It’s hard. But we can do it!

Since last year, we can see many compost bins show up on campus and in the buildings. UW also announced the increase of recycle and compost rate, it is a good news for us and to the environment where we live.

This quarter, I and my colleague have a chance to run a little garbology research on campus. We pick up two trash bags from Physics Building and Denny Hall and analyze them. Originally we want to see if there are any differences of trash between ‘Hard’ and ‘Soft’ science. Except the Physics-related magazine, it seems hard to differ these two trash from this single study. If we want to derive some more concrete results, we better to have a long term observation of the trash from these two buildings.
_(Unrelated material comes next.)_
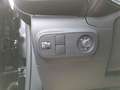 Citroen C3 1.2 PureTech 110  Plus S&S Noir - thumbnail 15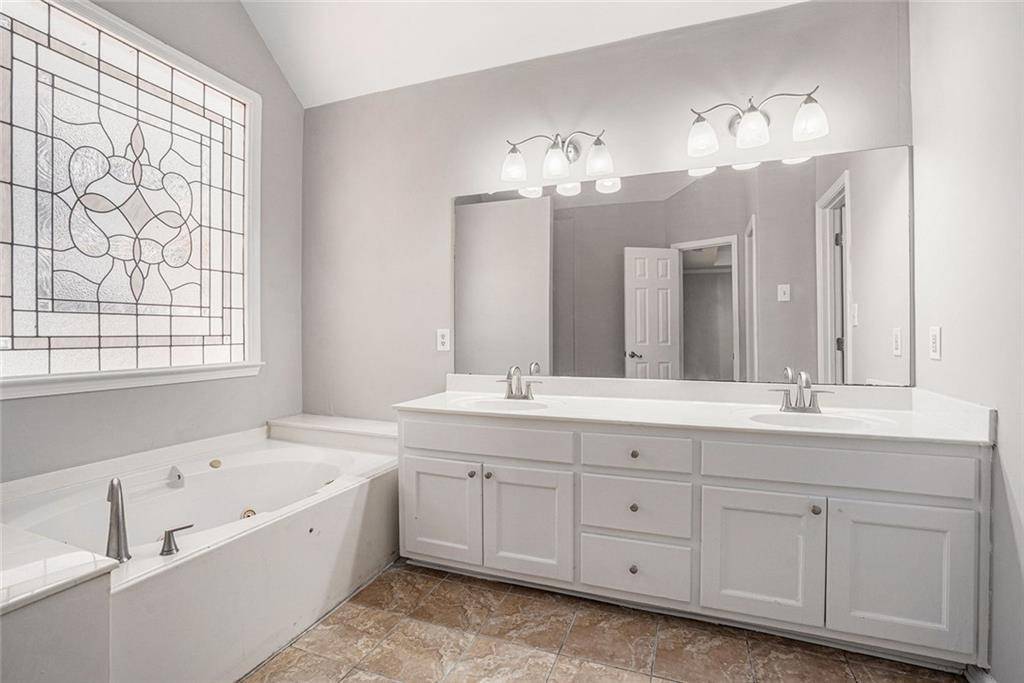 Lawrenceville, GA 30043,2786 Springrock WAY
However we do find some interesting results other than our original plan. After the analysis of trash, we find that there are many compostable stuff in the trash bag, so we sort the trash again. For the trash bin context, there is no compost bin close to the Physics trash where we collect, but there is one compost bin close to the trash bin where we collect in Denny. It seems the set of compost bin beside the trash bin indeed influence our behavior of throwing trash.

Most of the paper towels, napkins and coffee cups are compostable, and some bio-plastic cup for cold drinks are compostable as well, but we still find a lot of these stuff in the trash. Compare to where I came from, Taiwan, the recycle and compost process is relatively easy, we just need to sort our trash and put them into right bins. In Taiwan, we have to clean and rip off the un-recyclable parts before we dump it. That why I say it is easy to do out here.